Problem details =
When you restate the entries that follow, keep every word exactly and drop the pictures.

Records for the exercise =
◇ ◇ ◇ ◇

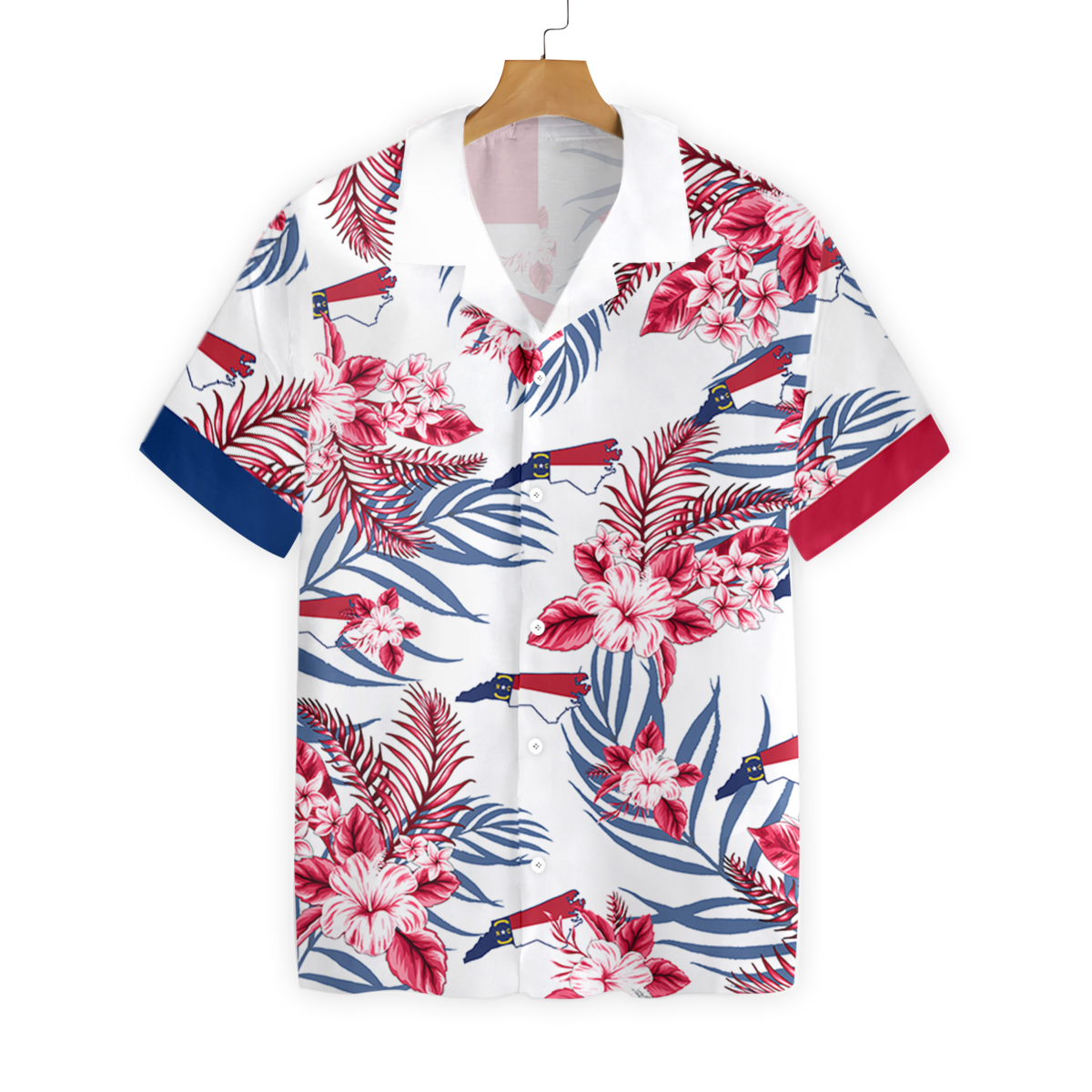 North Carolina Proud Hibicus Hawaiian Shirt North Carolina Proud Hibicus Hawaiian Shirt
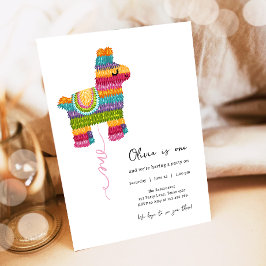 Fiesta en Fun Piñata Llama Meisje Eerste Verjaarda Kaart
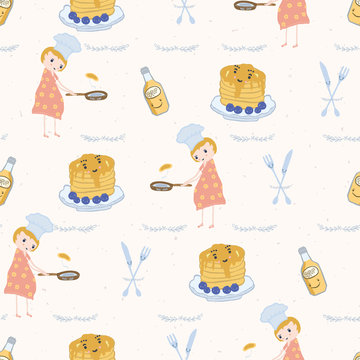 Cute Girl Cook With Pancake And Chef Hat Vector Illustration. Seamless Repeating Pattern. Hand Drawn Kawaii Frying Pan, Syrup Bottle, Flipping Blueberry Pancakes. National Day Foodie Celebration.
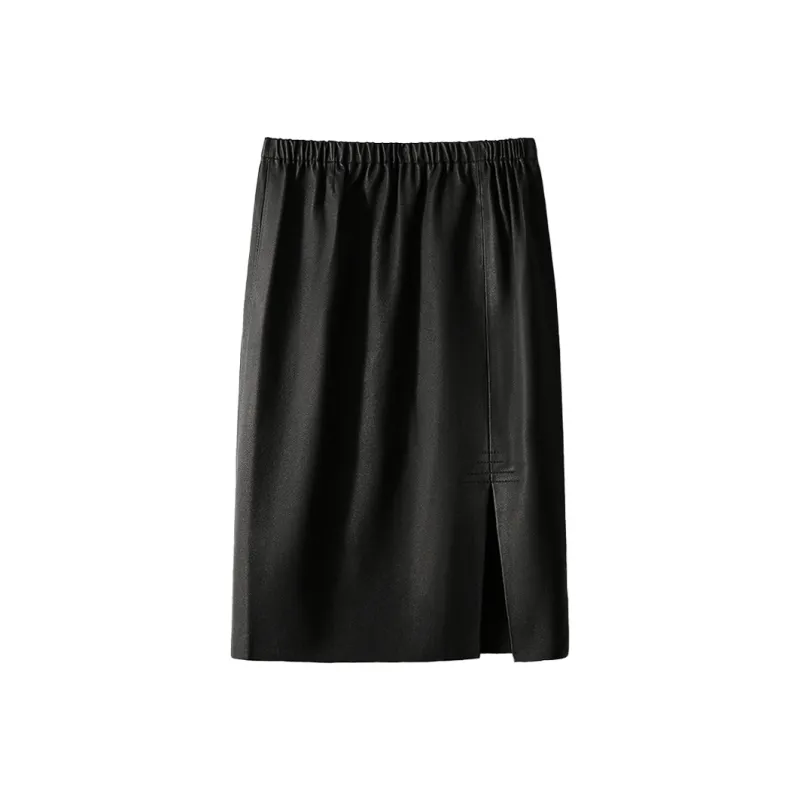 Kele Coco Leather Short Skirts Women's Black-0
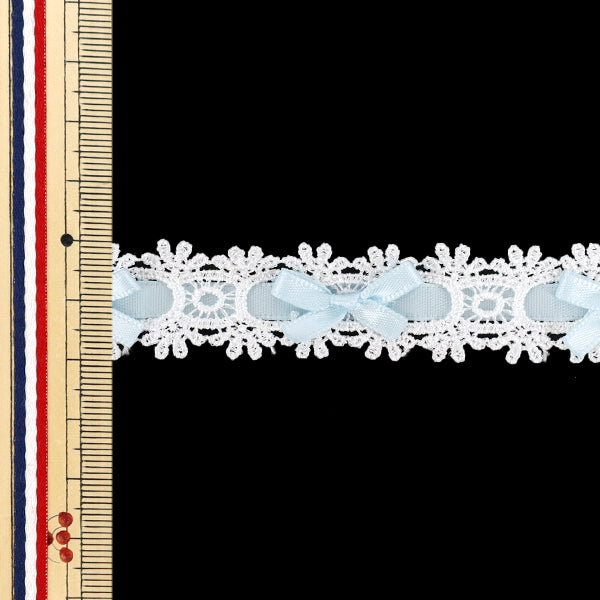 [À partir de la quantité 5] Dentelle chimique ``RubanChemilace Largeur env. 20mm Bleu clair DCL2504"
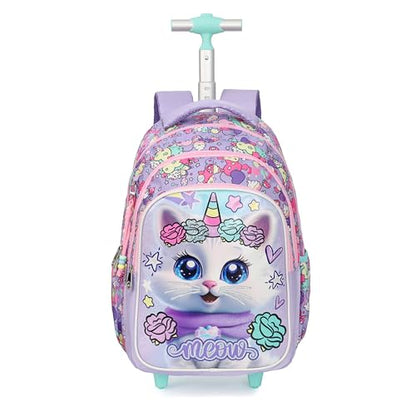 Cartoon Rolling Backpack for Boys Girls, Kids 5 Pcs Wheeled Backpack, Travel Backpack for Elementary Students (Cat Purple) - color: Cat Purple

◇ ◇ ◇ ◇

Solution =
 North Carolina Proud Hibicus Hawaiian Shirt North Carolina Proud Hibicus Hawaiian Shirt
 Fiesta en Fun Piñata Llama Meisje Eerste Verjaarda Kaart
 Cute Girl Cook With Pancake And Chef Hat Vector Illustration. Seamless Repeating Pattern. Hand Drawn Kawaii Frying Pan, Syrup Bottle, Flipping Blueberry Pancakes. National Day Foodie Celebration.
 Kele Coco Leather Short Skirts Women's Black-0
 [À partir de la quantité 5] Dentelle chimique ``RubanChemilace Largeur env. 20mm Bleu clair DCL2504"
 Cartoon Rolling Backpack for Boys Girls, Kids 5 Pcs Wheeled Backpack, Travel Backpack for Elementary Students (Cat Purple) - color: Cat Purple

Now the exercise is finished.